There is just appreciation here of his essentially traditional approach to composition. Though he was certainly no innovator he is not the comfortably quiescent composer some see him; we see, convincingly, how restless and alive his harmonies are, how, whilst following the dictates of the text, he nevertheless manages to construct long phrases of multi-sectional complexity. And awareness of his organ compositions shows how attuned one needs to be in understanding the tonal resources of the French romantic organ as well as the importance of the electric action that superseded the manual in Duruflé’s lifetime. One might also want to consider tempi in the light of the suggestion made in Ebrecht’s own chapter that tempos were slower in certain acoustics; also that when the composer played his own works they were slower than the published, revised tempi. Of interest, additionally, is Duruflé’s late embrace of a stripped down neo-classicism and the way in which, cleverly and with minimal adjustment, he converted his earlier late Impressionist style to a more modern one (even in the case of works which he subsequently revised). The fact that both these styles were already old fashioned when he employed them shouldn’t really be of concern – they were what suited him.

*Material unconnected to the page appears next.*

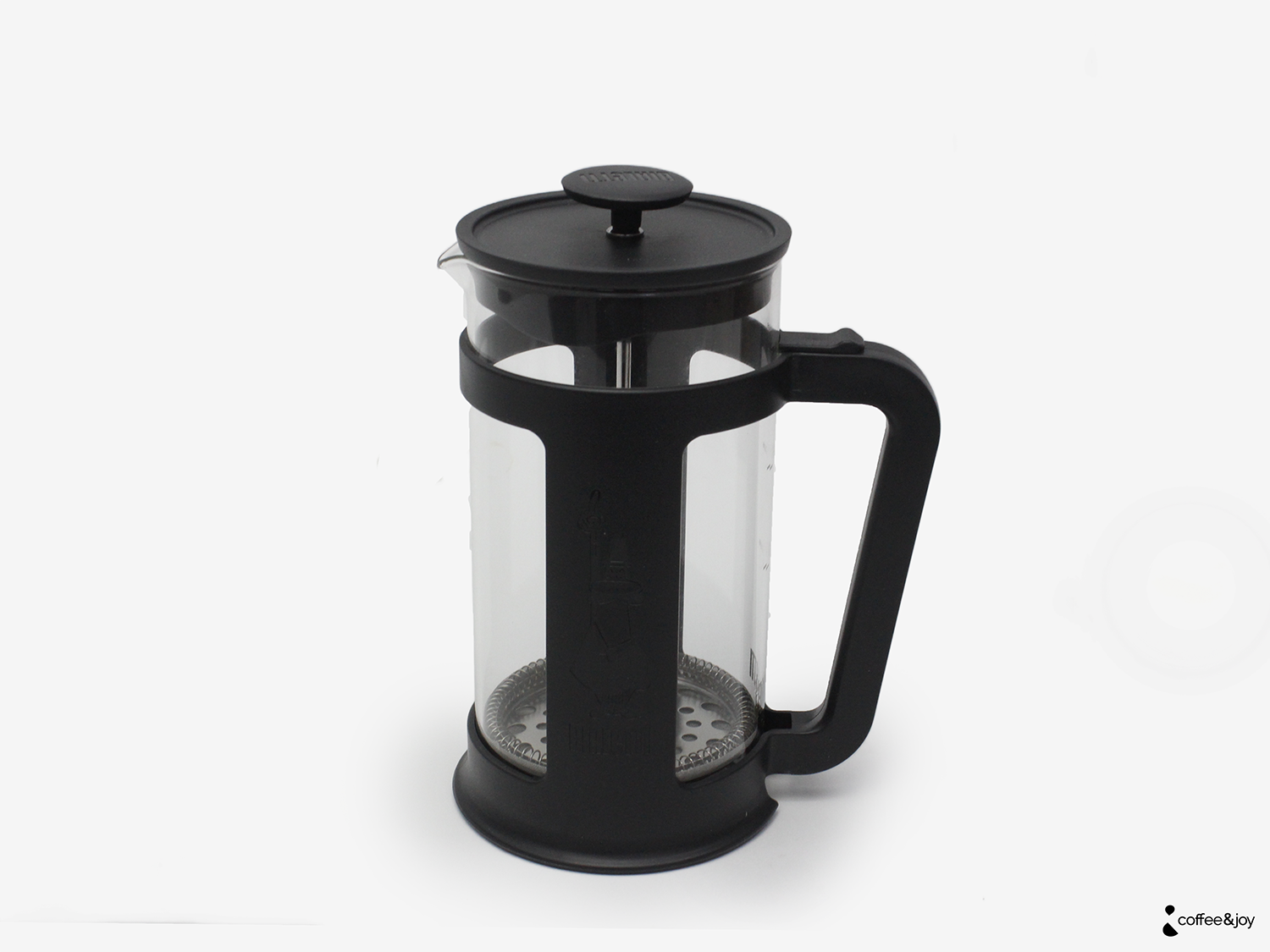 Coffeeandjoy prensafrancesa bialetti smart 1l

There are of course some typos and other mistakes; it was Arthur Rubinstein who lived in Paris and so electrified audiences with his Chopin not Anton Rubinstein (spelt here Rubenstein). Ford Madox Ford wasn’t an American – he was British. And when Mme Duruflé is quoted as saying on page 45 that "My usband says that I play too fast, but I can, and I love to" I hope this is a case of a dropped H and not Franglais. I would also point to the fact that the documentation of his life before around 1963 is rather sparse and, as I said earlier, a discography should have been appended to join the useful organ specifications and bibliography.

Otherwise this is a well-produced, thoughtful and illuminating festschrift whose value is significant in one’s perceptions of this still undervalued and "timid" traditionalist.